An appeal and a motion to vacate have similar goals, but attack a judge's order in different ways. A motion to vacate asks a judge to withdraw her previous order; in this case, Apple asked Pym to reverse her Feb. 16 decision.
An appeal is a request to a higher court to reverse the decision of a lower court. In this case, the appeal goes to a district court judge in the Central District of California. Apple has suggested it may appeal the case all the way to the U.S. Supreme Court if it loses in lower courts.
Apple's lawyers on Tuesday also entered into evidence in Pym's court a New York court ruling from Monday against the FBI in a similar iPhone unlocking case.
Pym's order has ratcheted up a year-and-a-half-long legal debate over the growing use of end-to-end encryption and other strong security features in smartphones and other devices.

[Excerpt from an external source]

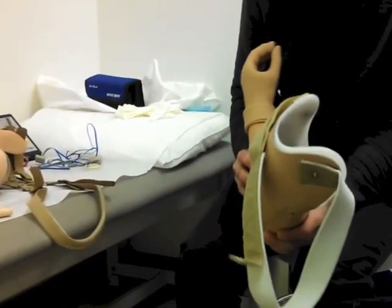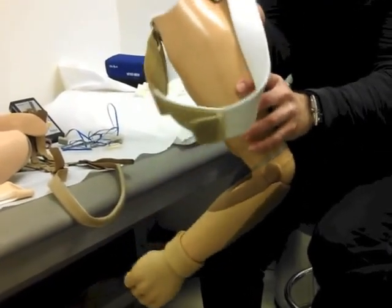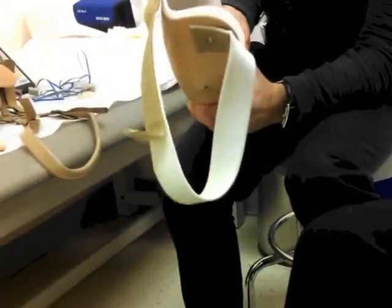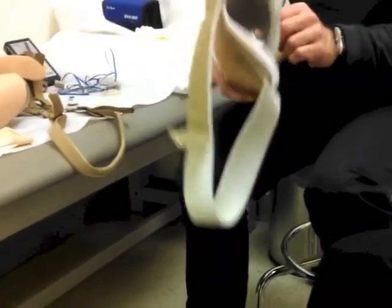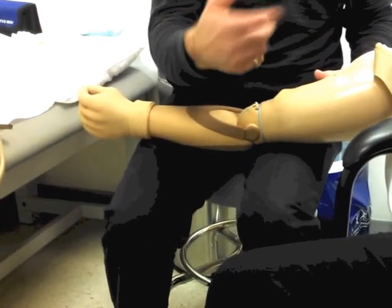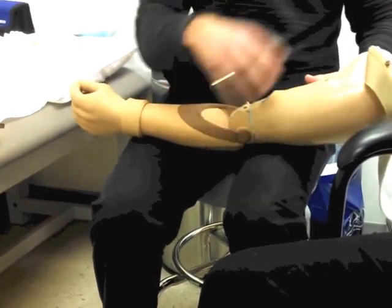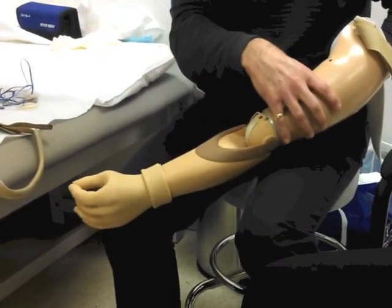This is what we call a suction socket — it has a valve here. What I've done in the past with patients with this type is you cast them, you make a mold of the limb. What you get is what we call a donning bag. You put it on your arm, pull the end through, put your arm in, and pull yourself through it — pulling the soft tissue into the socket, suspending and locking yourself inside.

Encryption is increasingly hampering law enforcement efforts to investigate crimes and terrorism, FBI Director James Comey and other officials have argued. In the near future, criminals will be able to wall off entire sections of their lives that police don't have access to, even with a court-ordered warrant, Comey said Tuesday at a congressional hearing.
Apple has opposed Pym's order, saying an order to break security features on one iPhone will endanger other devices if the code leaks out. The FBI's request in the California case will lead to many similar requests in other U.S. courts and in other countries, Apple has argued.
At the request of the FBI, Pym ordered Apple to write new source code to defeat a password protection feature on an iPhone used by San Bernardino mass shooter Syed Rizwan Farook. The FBI wants Apple to disable the phone's security feature that erases its contents after 10 wrong password attempts and also to defeat the phone's time delay between password-entering attempts.
Without those security protections in place, the FBI could enter an unlimited number of passwords in a brute force attack and gain entry into the phone in a matter of hours.